Validation with tensorboard

TODO: add link

Reading metrics with build-in API

To get scalar metrics with build-in API, you can use following API.

scala

getTrainSummary(tag)

Get training metrics by tag. Parameters:

tag: The string variable represents the parameter you want to return supported tags are "LearningRate", "Loss", "Throughput".

scala

getValidationSummary(tag)

Get validation metrics by tag. Parameters:

tag: The string variable represents the parameter you want to return supported tags are 'AUC', 'Accuracy', 'BinaryAccuracy', 'CategoricalAccuracy', 'HitRatio', 'Loss', 'MAE', 'NDCG', 'SparseCategoricalAccuracy', 'TFValidationMethod', 'Top1Accuracy', 'Top5Accuracy', 'TreeNNAccuracy'.

python

get_train_summary(tag)

Get training metrics by tag.

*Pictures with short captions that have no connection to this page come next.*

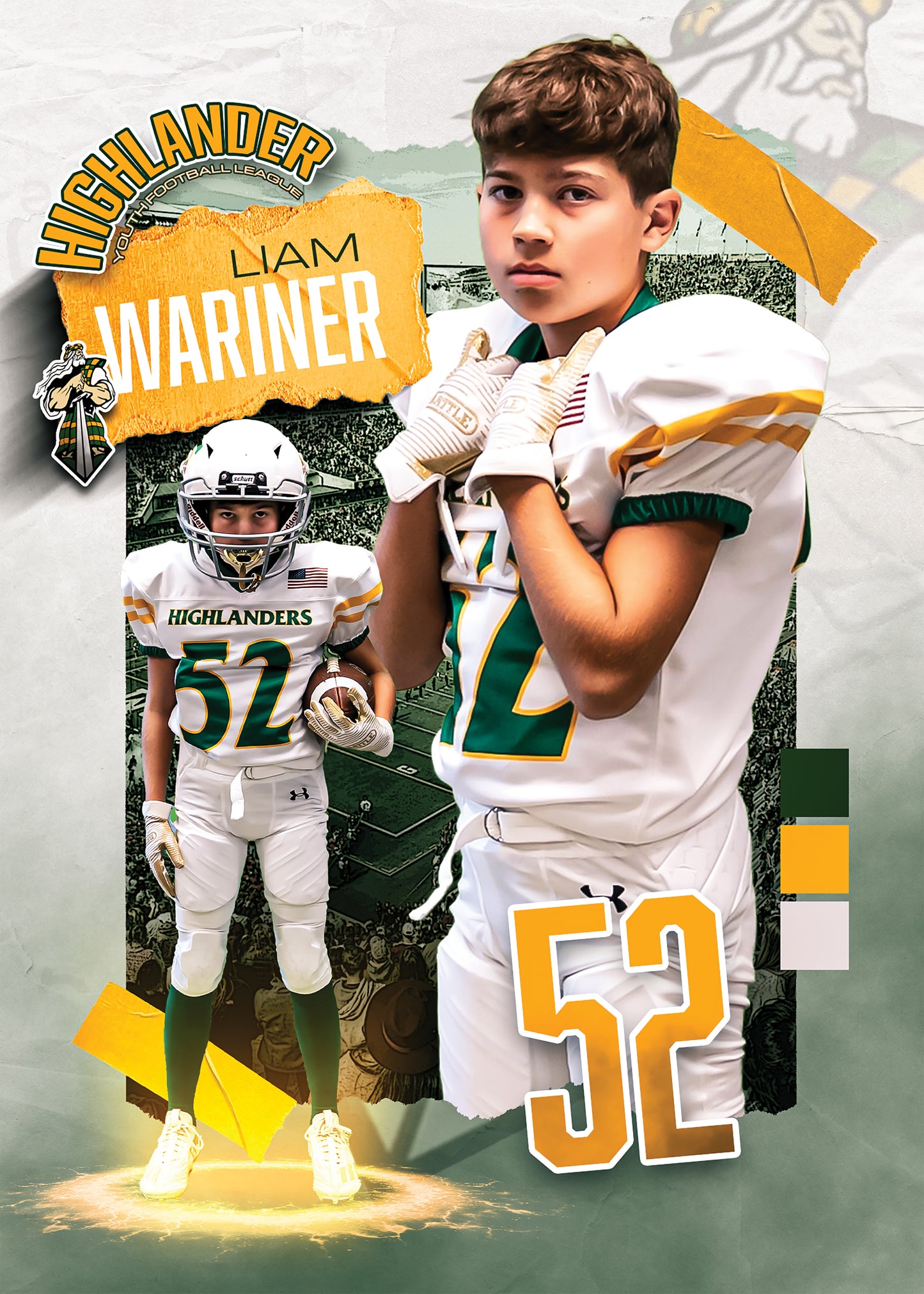 2025 Highlander Youth Football & Cheer League Photos ππ₯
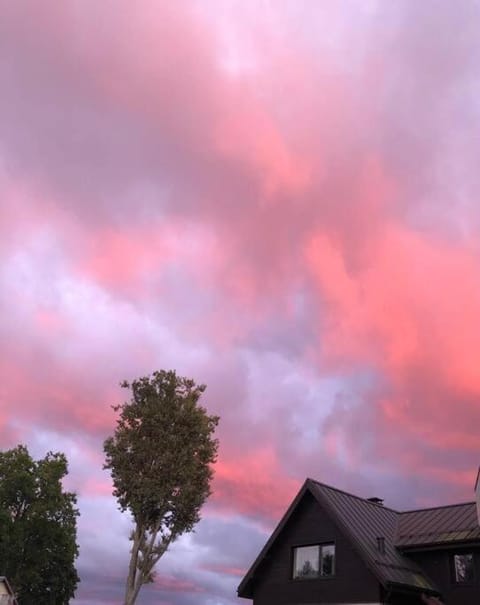 Natural landscape, Sunset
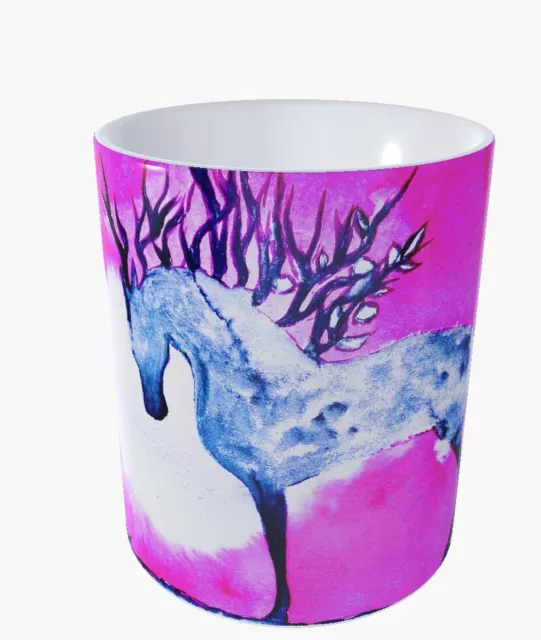 Sienna Mayfair Art Horse Mug Coffee Cup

Parameters:

tag: The string variable represents the parameter you want to return supported tags are "LearningRate", "Loss", "Throughput".

python

get_validation_summary(tag)

Get validation metrics by tag. Parameters:

tag: The string variable represents the parameter you want to return supported tags are 'AUC', 'Accuracy', 'BinaryAccuracy', 'CategoricalAccuracy', 'HitRatio', 'Loss', 'MAE', 'NDCG', 'SparseCategoricalAccuracy', 'TFValidationMethod', 'Top1Accuracy', 'Top5Accuracy', 'TreeNNAccuracy'.